Inter- and Intra-Rater Reliability of a Wearable Inertial Sensor for Spatiotemporal Gait Assessment in Stroke Survivors

Introduction and Rationale Stroke survivors commonly experience sensorimotor sequelae that heavily compromise walking patterns, typically presenting reduced speed, lower cadence, shortened step length, and prolonged double-support time. Objective quantification of these spatiotemporal parameters is critical to direct therapeutic goals and evaluate rehabilitation outcomes. To overcome the financial and logistical barriers of traditional motion laboratories, wearable inertial measurement units (IMUs) are increasingly proposed due to their portability and ease of use. However, substantial heterogeneity in sensor configurations and algorithms necessitates population-specific metric validation. The Baiobit® system is an emerging commercial IMU that integrates a triaxial accelerometer, gyroscope, and magnetometer operating at 200 Hz to estimate gait metrics via internal event-detection algorithms. To date, no study has established its measurement consistency and repeatability specifically for stroke survivors.

Study Population and Eligibility Participants were recruited via convenience sampling from the outpatient database at Neuron Clinics in Madrid, Spain. To ensure safety and protocol compliance, strict eligibility criteria were applied: Inclusion Criteria: (1) Adults aged 18 to 85 years; (2) a confirmed diagnosis of ischemic or hemorrhagic stroke with a time since onset $> 1$ month; (3) ability to ambulate independently (Functional Ambulation Categories FAC > 4) regardless of foot-up orthosis use; (4) capacity to walk 10 meters without stopping and repeat the trial six times across the protocol; and (5) cognitive ability to understand instructions and provide written informed consent. Exclusion Criteria: (1) Medical instability or acute conditions comprising gait safety; (2) concomitant neurological conditions other than stroke; (3) severe musculoskeletal disorders interfering with locomotion; (4) visual or auditory deficits severely impairing balance; (5) recent use of medications affecting gait or postural control (e.g., benzodiazepines, antipsychotics, or opioids); and (6) pregnancy. Randomization and Blinding Protocols To control for sequence and order biases, a 1:1 block randomization scheme was generated using a digital tool (randomizer.org) to determine the evaluation sequence between the two raters. Blinding was coordinated by a third independent researcher who managed the logistical workflows, handled independent password-protected software accounts for each rater, and exported raw data to a masked master database. This design strictly prevented the two evaluators from assessing participants simultaneously or accessing each other's data records.

Experimental Procedures The data collection protocol spanned two distinct evaluation sessions scheduled 24 to 48 hours apart to minimize clinical fluctuations while preventing recall bias. Familiarization: In the first session, after formal enrollment and collection of sociodemographic data, participants were familiarized with the environment, and the 10-meter walkway was demonstrated. Sensor Placement: The Baiobit® sensor was securely mounted on the sacral region corresponding to the S1-S2 vertebrae using the manufacturer's adjustable elastic belt. Data Acquisition: Participants performed three 10-meter walking trials at their comfortable, self-selected pace per evaluator. The first assigned evaluator positioned the sensor, acquired the recordings, and completely removed the device. Rest Period: A mandatory 10-minute seated rest period was enforced between evaluators to mitigate fatigue effects. Replication: The second evaluator repeated the exact preparation, placement, and trial recording steps. This identical sequence was replicated during the second session under unvaried environmental conditions.

Outcome Measures and Biomechanical Variables Spatiotemporal gait variables were recorded bilaterally by the sensor software algorithms, capturing: gait speed (m/s), cadence (steps/min), step and stride lengths (m), percentages (%) of stance and swing phases, single-leg and double-leg stance durations, and propulsion metrics. Statistical Analysis PlanData normality was verified using the Shapiro-Wilk test.

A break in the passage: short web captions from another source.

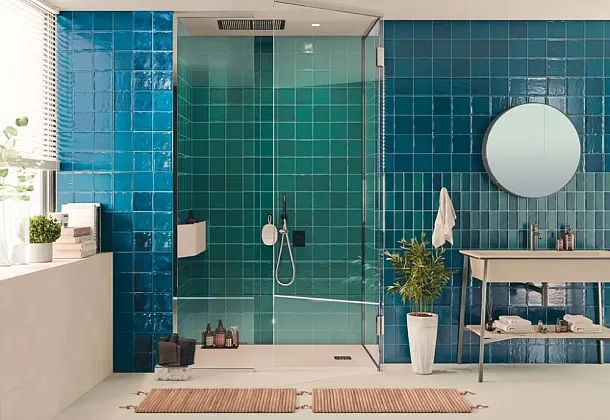 Коллекция Chic El Barco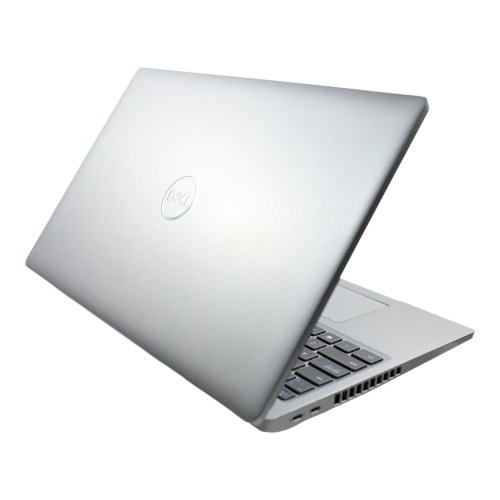 Dell Latitude 5520 Business Laptop - Intel Core i7-1185G7 - 16GB RAM - 256GB SSD - Windows 11 Pro by DELL - Refurbished condition - Image 4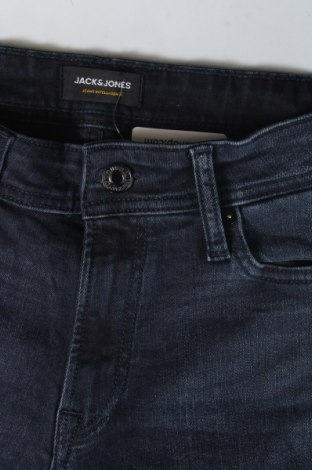 Pánske džínsy  Jack & Jones, Veľkosť S, Farba Modrá, Cena  13,61 €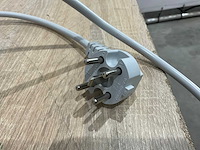 Zehnder woonhuis ventilatiesysteem - afbeelding 7 van  8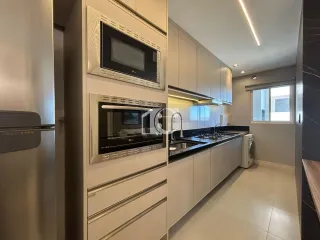 Apartamento com 2 dormitórios, foto 7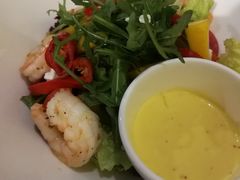 -bluefrog蓝蛙(悠唐购物中心店)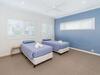 Apartamento Seagrass 1/3 Great Holiday Destination.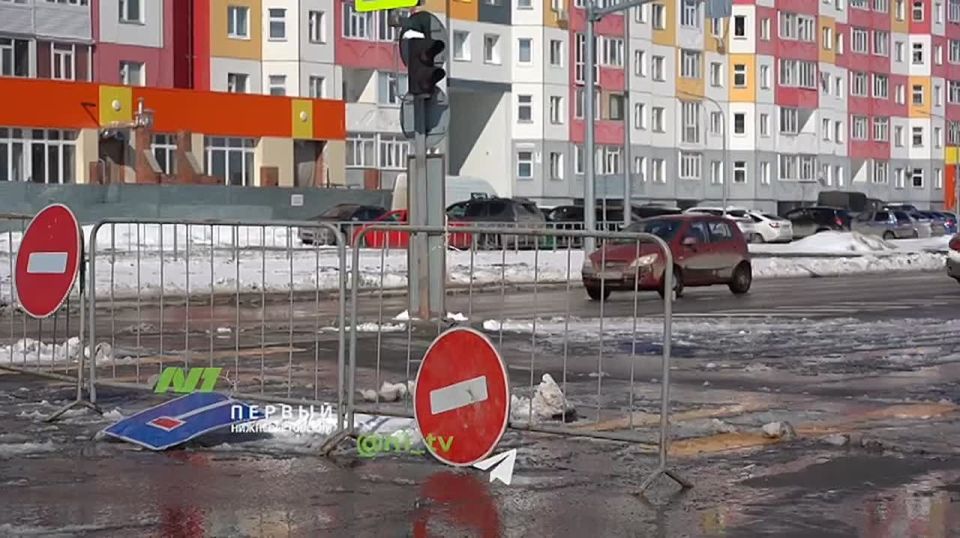 ������ �������� ���������� ������������ ����� � ������ �� �������� �� ���������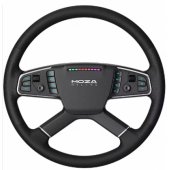 TSW RS060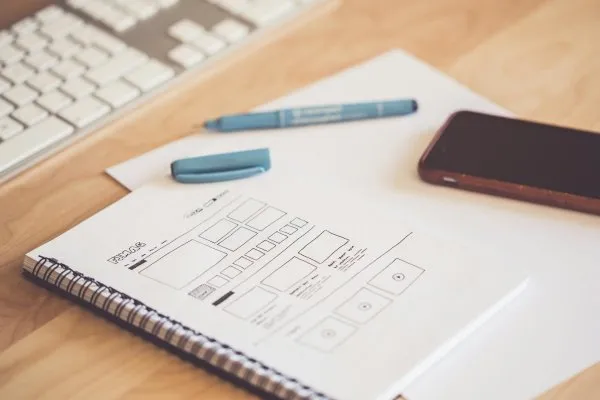 Mengenal Pentingnya UI/UX dalam Pengembangan Website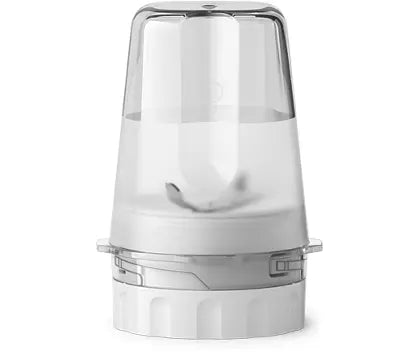 Philips Series 5000 Blender Core HR2221/01
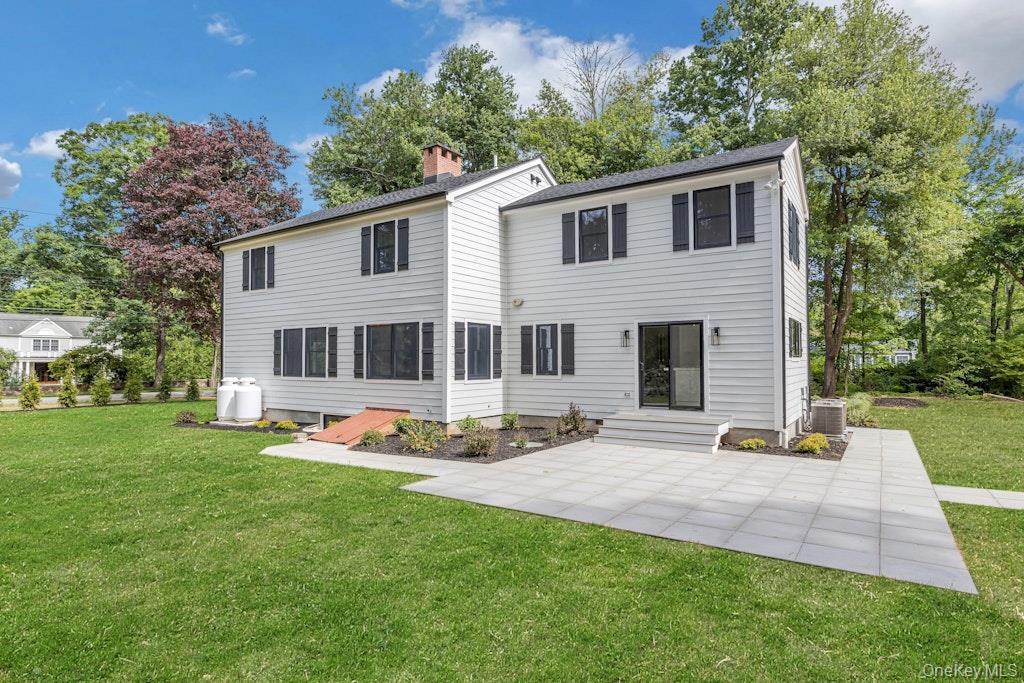 Photo 43 of this property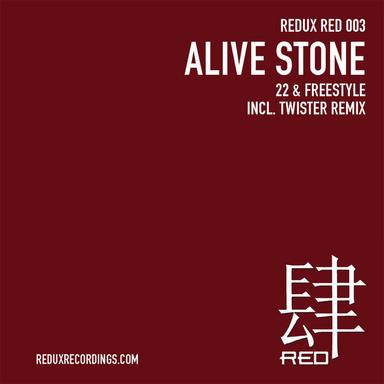 22 - Original Mix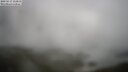 ./images/calvert/lookout/20250517/lookout20250517_112010M.jpg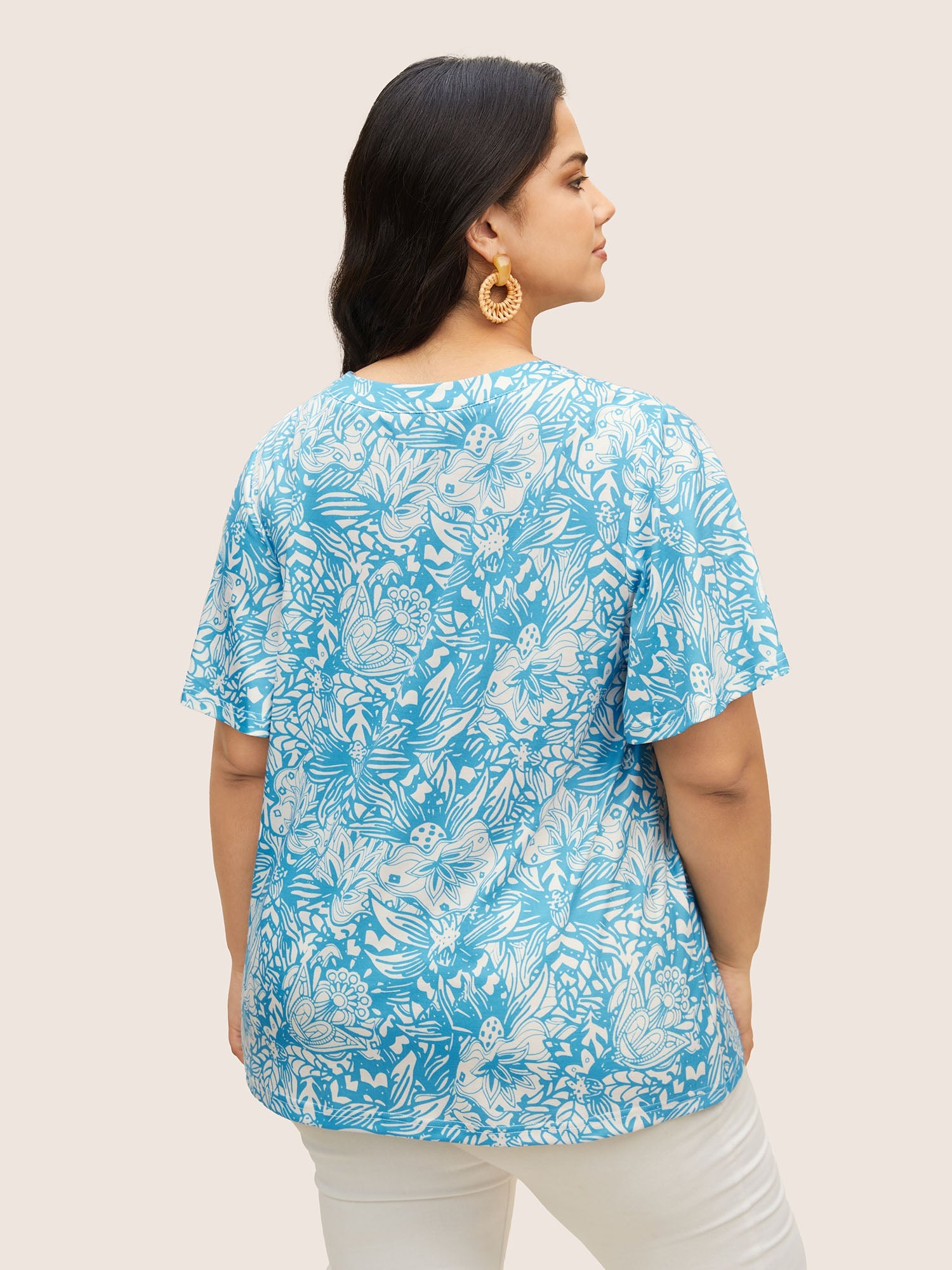 08e76741-b51d-4c28-b47b-5cc3ff02a58c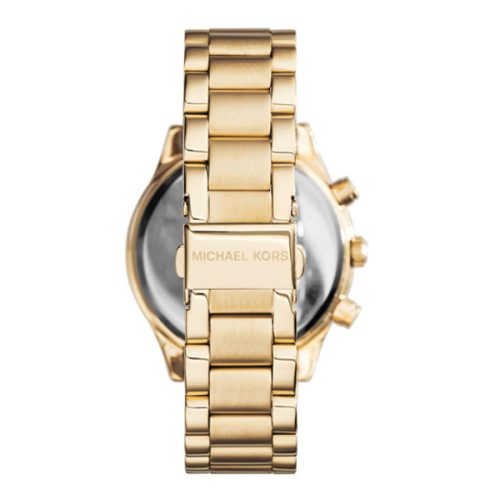 MICHAEL KORS MK6187 - Image 2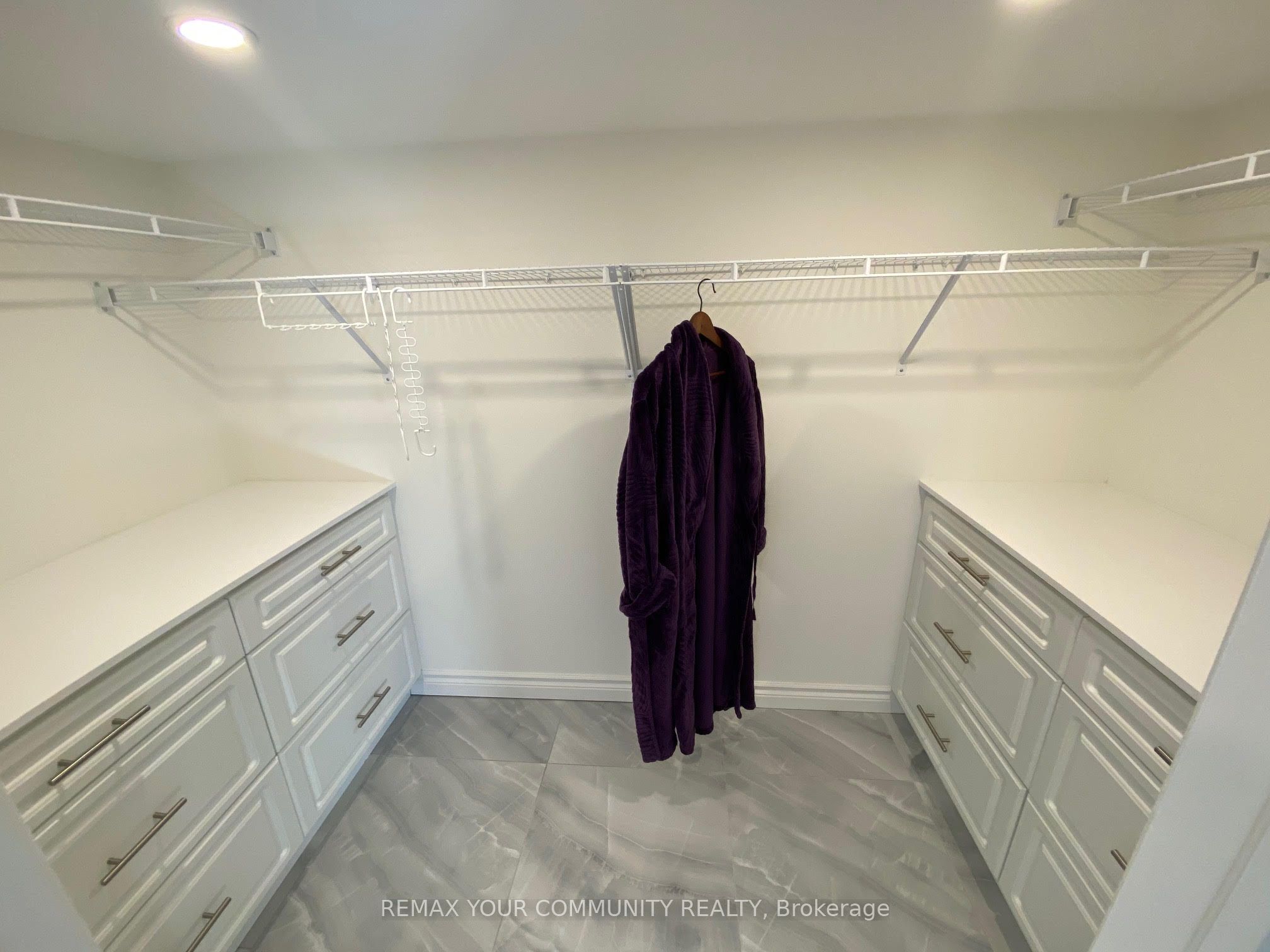 31750 Simcoe Street Property Photo 31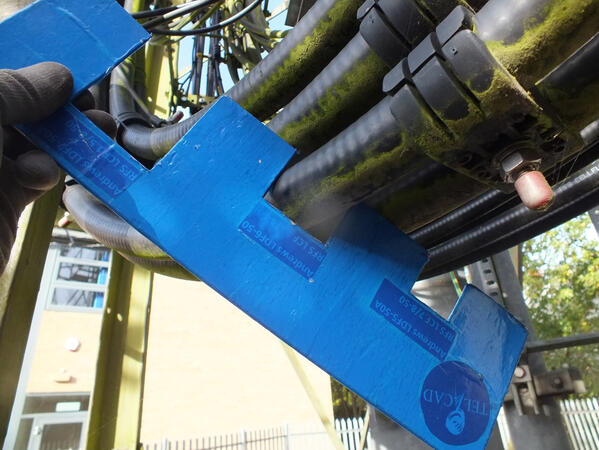 design, engineering, telacad, facefram, cellnex, autocad, arqiva, 5g, mbnl, vm02, tower, telecoms, greenfield, rooftop, h3g, vodafone, antenna, cell site, cellular, telecoms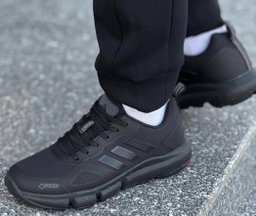 Adidas GORE-TEX,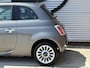 Fiat 500 0.9 TwinAir Lounge 1e Eigenaar|Pano|Airco|Elektr. Ramen|Goed Onderhouden|N.A.P|APK tot 02-2027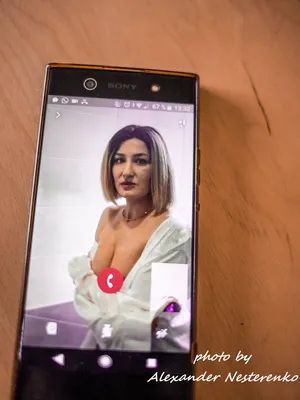 Holka na sex Dayana ICE, Escort - Praha 1 (Ověřený profil) – 3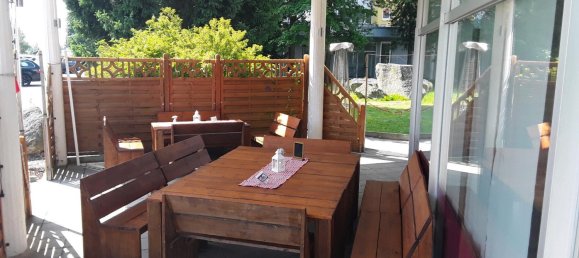 175m² Cafe / restaurant in Freyung-Grafenau, Germany No. 369055 2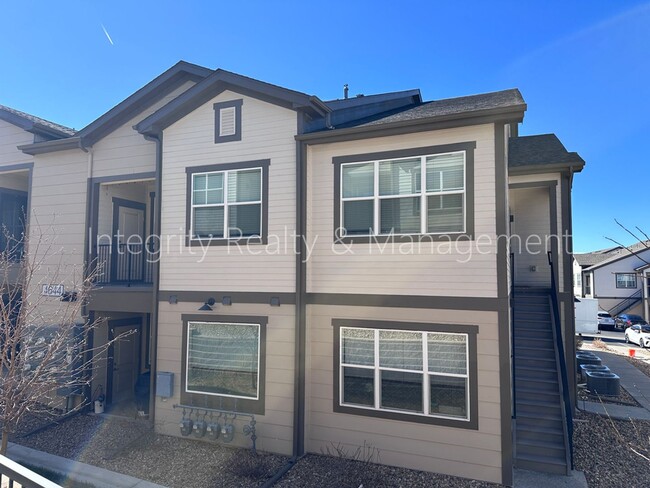 Building Photo - 4644 Copeland Lp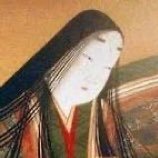 ジパング 【C&K】さんのプロフィール画像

Continuous demographics are reported as mean and standard deviation (SD). Relative reliability was analyzed using Intraclass Correlation Coefficients (ICCs) with 95% confidence intervals (95% CIs). A two-way mixed-effects consistency model was selected for intra-rater reliability, and a two-way random-effects absolute agreement model was utilized for inter-rater reliability. Absolute reliability and precision were quantified calculating the Standard Error of Measurement. The Minimal Detectable Change was calculated to define the true clinical change threshold. Bland-Altman plotting was performed to identify systematic biases and calculate the limits of agreement (LoA).